[Saved entries]
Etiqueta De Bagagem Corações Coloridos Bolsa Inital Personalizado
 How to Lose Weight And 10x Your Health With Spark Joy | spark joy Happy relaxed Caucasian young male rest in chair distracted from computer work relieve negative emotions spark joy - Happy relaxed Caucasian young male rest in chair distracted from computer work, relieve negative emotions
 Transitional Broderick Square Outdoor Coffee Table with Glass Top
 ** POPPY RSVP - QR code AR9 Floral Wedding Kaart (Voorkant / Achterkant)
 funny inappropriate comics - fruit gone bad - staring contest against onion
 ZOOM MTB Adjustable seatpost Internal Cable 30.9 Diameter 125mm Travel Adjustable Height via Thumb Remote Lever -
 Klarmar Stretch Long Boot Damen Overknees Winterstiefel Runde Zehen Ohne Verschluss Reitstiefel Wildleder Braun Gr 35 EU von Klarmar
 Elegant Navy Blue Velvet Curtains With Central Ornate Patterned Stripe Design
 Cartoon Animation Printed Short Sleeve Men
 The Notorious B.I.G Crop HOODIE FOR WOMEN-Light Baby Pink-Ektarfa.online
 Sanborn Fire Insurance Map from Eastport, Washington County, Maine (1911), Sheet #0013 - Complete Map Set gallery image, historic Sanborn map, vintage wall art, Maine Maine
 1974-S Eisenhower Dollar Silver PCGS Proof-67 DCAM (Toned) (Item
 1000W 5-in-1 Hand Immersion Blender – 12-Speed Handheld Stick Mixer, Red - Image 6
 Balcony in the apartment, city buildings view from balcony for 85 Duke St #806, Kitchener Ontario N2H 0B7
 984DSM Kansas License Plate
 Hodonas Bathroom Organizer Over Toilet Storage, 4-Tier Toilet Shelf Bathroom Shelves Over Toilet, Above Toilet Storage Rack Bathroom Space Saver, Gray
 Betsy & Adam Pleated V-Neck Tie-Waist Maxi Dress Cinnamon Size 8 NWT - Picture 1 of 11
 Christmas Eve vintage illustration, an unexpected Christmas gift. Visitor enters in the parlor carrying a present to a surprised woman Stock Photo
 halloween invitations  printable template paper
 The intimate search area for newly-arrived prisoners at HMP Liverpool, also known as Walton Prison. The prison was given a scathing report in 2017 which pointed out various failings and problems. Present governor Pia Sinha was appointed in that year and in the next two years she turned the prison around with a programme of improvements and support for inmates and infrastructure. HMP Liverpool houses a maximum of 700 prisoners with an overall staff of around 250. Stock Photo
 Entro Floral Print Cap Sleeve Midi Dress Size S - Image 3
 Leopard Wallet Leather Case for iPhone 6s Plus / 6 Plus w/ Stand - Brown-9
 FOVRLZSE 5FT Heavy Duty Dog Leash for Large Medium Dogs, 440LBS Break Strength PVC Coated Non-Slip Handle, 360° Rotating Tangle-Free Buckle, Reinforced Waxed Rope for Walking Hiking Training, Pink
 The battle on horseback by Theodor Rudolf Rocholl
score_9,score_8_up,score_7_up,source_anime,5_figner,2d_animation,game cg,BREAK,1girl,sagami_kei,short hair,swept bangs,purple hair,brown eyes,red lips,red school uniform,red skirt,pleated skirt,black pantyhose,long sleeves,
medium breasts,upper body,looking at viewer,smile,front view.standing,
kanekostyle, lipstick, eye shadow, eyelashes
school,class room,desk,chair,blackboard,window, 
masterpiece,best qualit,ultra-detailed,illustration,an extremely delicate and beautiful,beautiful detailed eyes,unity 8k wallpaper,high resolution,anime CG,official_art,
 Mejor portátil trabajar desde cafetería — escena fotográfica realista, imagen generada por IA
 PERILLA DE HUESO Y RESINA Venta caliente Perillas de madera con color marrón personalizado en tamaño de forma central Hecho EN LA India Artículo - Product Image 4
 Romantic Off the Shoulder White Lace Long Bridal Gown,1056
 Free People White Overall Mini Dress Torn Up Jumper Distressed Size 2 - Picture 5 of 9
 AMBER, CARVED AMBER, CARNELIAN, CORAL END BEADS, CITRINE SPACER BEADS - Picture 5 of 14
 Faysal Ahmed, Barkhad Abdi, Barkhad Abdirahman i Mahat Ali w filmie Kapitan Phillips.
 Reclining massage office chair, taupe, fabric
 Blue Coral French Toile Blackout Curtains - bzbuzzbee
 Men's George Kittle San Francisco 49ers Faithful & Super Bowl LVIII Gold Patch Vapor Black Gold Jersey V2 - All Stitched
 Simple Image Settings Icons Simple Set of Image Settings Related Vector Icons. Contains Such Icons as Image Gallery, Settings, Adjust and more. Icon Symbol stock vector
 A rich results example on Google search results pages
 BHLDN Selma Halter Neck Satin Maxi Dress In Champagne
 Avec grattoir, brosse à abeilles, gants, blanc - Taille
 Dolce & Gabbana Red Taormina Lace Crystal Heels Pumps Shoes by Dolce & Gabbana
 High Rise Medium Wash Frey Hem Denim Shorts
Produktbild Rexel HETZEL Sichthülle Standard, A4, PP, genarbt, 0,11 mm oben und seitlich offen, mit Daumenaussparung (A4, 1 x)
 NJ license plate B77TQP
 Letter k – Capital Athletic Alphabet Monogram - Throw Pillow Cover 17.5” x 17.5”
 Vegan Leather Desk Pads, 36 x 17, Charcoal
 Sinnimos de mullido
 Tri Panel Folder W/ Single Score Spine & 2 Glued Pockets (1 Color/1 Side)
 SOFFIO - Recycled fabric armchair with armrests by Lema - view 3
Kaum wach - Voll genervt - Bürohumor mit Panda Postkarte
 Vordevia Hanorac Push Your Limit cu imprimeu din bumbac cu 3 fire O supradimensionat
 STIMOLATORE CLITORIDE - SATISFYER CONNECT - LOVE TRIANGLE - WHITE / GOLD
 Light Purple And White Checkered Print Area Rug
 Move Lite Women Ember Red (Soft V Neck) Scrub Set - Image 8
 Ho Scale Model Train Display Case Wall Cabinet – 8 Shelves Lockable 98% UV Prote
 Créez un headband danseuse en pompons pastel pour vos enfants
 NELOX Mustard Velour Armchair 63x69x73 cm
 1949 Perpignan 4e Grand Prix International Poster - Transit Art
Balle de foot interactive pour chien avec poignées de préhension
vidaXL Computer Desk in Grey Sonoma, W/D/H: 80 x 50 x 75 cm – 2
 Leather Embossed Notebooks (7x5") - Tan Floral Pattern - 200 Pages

> **THE PROBLEM**
No line may be left out; the records are to be transcribed in full.

> **RESULT FOR THIS TASK**
Etiqueta De Bagagem Corações Coloridos Bolsa Inital Personalizado
 How to Lose Weight And 10x Your Health With Spark Joy | spark joy Happy relaxed Caucasian young male rest in chair distracted from computer work relieve negative emotions spark joy - Happy relaxed Caucasian young male rest in chair distracted from computer work, relieve negative emotions
 Transitional Broderick Square Outdoor Coffee Table with Glass Top
 ** POPPY RSVP - QR code AR9 Floral Wedding Kaart (Voorkant / Achterkant)
 funny inappropriate comics - fruit gone bad - staring contest against onion
 ZOOM MTB Adjustable seatpost Internal Cable 30.9 Diameter 125mm Travel Adjustable Height via Thumb Remote Lever -
 Klarmar Stretch Long Boot Damen Overknees Winterstiefel Runde Zehen Ohne Verschluss Reitstiefel Wildleder Braun Gr 35 EU von Klarmar
 Elegant Navy Blue Velvet Curtains With Central Ornate Patterned Stripe Design
 Cartoon Animation Printed Short Sleeve Men
 The Notorious B.I.G Crop HOODIE FOR WOMEN-Light Baby Pink-Ektarfa.online
 Sanborn Fire Insurance Map from Eastport, Washington County, Maine (1911), Sheet #0013 - Complete Map Set gallery image, historic Sanborn map, vintage wall art, Maine Maine
 1974-S Eisenhower Dollar Silver PCGS Proof-67 DCAM (Toned) (Item
 1000W 5-in-1 Hand Immersion Blender – 12-Speed Handheld Stick Mixer, Red - Image 6
 Balcony in the apartment, city buildings view from balcony for 85 Duke St #806, Kitchener Ontario N2H 0B7
 984DSM Kansas License Plate
 Hodonas Bathroom Organizer Over Toilet Storage, 4-Tier Toilet Shelf Bathroom Shelves Over Toilet, Above Toilet Storage Rack Bathroom Space Saver, Gray
 Betsy & Adam Pleated V-Neck Tie-Waist Maxi Dress Cinnamon Size 8 NWT - Picture 1 of 11
 Christmas Eve vintage illustration, an unexpected Christmas gift. Visitor enters in the parlor carrying a present to a surprised woman Stock Photo
 halloween invitations  printable template paper
 The intimate search area for newly-arrived prisoners at HMP Liverpool, also known as Walton Prison. The prison was given a scathing report in 2017 which pointed out various failings and problems. Present governor Pia Sinha was appointed in that year and in the next two years she turned the prison around with a programme of improvements and support for inmates and infrastructure. HMP Liverpool houses a maximum of 700 prisoners with an overall staff of around 250. Stock Photo
 Entro Floral Print Cap Sleeve Midi Dress Size S - Image 3
 Leopard Wallet Leather Case for iPhone 6s Plus / 6 Plus w/ Stand - Brown-9
 FOVRLZSE 5FT Heavy Duty Dog Leash for Large Medium Dogs, 440LBS Break Strength PVC Coated Non-Slip Handle, 360° Rotating Tangle-Free Buckle, Reinforced Waxed Rope for Walking Hiking Training, Pink
 The battle on horseback by Theodor Rudolf Rocholl
score_9,score_8_up,score_7_up,source_anime,5_figner,2d_animation,game cg,BREAK,1girl,sagami_kei,short hair,swept bangs,purple hair,brown eyes,red lips,red school uniform,red skirt,pleated skirt,black pantyhose,long sleeves,
medium breasts,upper body,looking at viewer,smile,front view.standing,
kanekostyle, lipstick, eye shadow, eyelashes
school,class room,desk,chair,blackboard,window, 
masterpiece,best qualit,ultra-detailed,illustration,an extremely delicate and beautiful,beautiful detailed eyes,unity 8k wallpaper,high resolution,anime CG,official_art,
 Mejor portátil trabajar desde cafetería — escena fotográfica realista, imagen generada por IA
 PERILLA DE HUESO Y RESINA Venta caliente Perillas de madera con color marrón personalizado en tamaño de forma central Hecho EN LA India Artículo - Product Image 4
 Romantic Off the Shoulder White Lace Long Bridal Gown,1056
 Free People White Overall Mini Dress Torn Up Jumper Distressed Size 2 - Picture 5 of 9
 AMBER, CARVED AMBER, CARNELIAN, CORAL END BEADS, CITRINE SPACER BEADS - Picture 5 of 14
 Faysal Ahmed, Barkhad Abdi, Barkhad Abdirahman i Mahat Ali w filmie Kapitan Phillips.
 Reclining massage office chair, taupe, fabric
 Blue Coral French Toile Blackout Curtains - bzbuzzbee
 Men's George Kittle San Francisco 49ers Faithful & Super Bowl LVIII Gold Patch Vapor Black Gold Jersey V2 - All Stitched
 Simple Image Settings Icons Simple Set of Image Settings Related Vector Icons. Contains Such Icons as Image Gallery, Settings, Adjust and more. Icon Symbol stock vector
 A rich results example on Google search results pages
 BHLDN Selma Halter Neck Satin Maxi Dress In Champagne
 Avec grattoir, brosse à abeilles, gants, blanc - Taille
 Dolce & Gabbana Red Taormina Lace Crystal Heels Pumps Shoes by Dolce & Gabbana
 High Rise Medium Wash Frey Hem Denim Shorts
Produktbild Rexel HETZEL Sichthülle Standard, A4, PP, genarbt, 0,11 mm oben und seitlich offen, mit Daumenaussparung (A4, 1 x)
 NJ license plate B77TQP
 Letter k – Capital Athletic Alphabet Monogram - Throw Pillow Cover 17.5” x 17.5”
 Vegan Leather Desk Pads, 36 x 17, Charcoal
 Sinnimos de mullido
 Tri Panel Folder W/ Single Score Spine & 2 Glued Pockets (1 Color/1 Side)
 SOFFIO - Recycled fabric armchair with armrests by Lema - view 3
Kaum wach - Voll genervt - Bürohumor mit Panda Postkarte
 Vordevia Hanorac Push Your Limit cu imprimeu din bumbac cu 3 fire O supradimensionat
 STIMOLATORE CLITORIDE - SATISFYER CONNECT - LOVE TRIANGLE - WHITE / GOLD
 Light Purple And White Checkered Print Area Rug
 Move Lite Women Ember Red (Soft V Neck) Scrub Set - Image 8
 Ho Scale Model Train Display Case Wall Cabinet – 8 Shelves Lockable 98% UV Prote
 Créez un headband danseuse en pompons pastel pour vos enfants
 NELOX Mustard Velour Armchair 63x69x73 cm
 1949 Perpignan 4e Grand Prix International Poster - Transit Art
Balle de foot interactive pour chien avec poignées de préhension
vidaXL Computer Desk in Grey Sonoma, W/D/H: 80 x 50 x 75 cm – 2
 Leather Embossed Notebooks (7x5") - Tan Floral Pattern - 200 Pages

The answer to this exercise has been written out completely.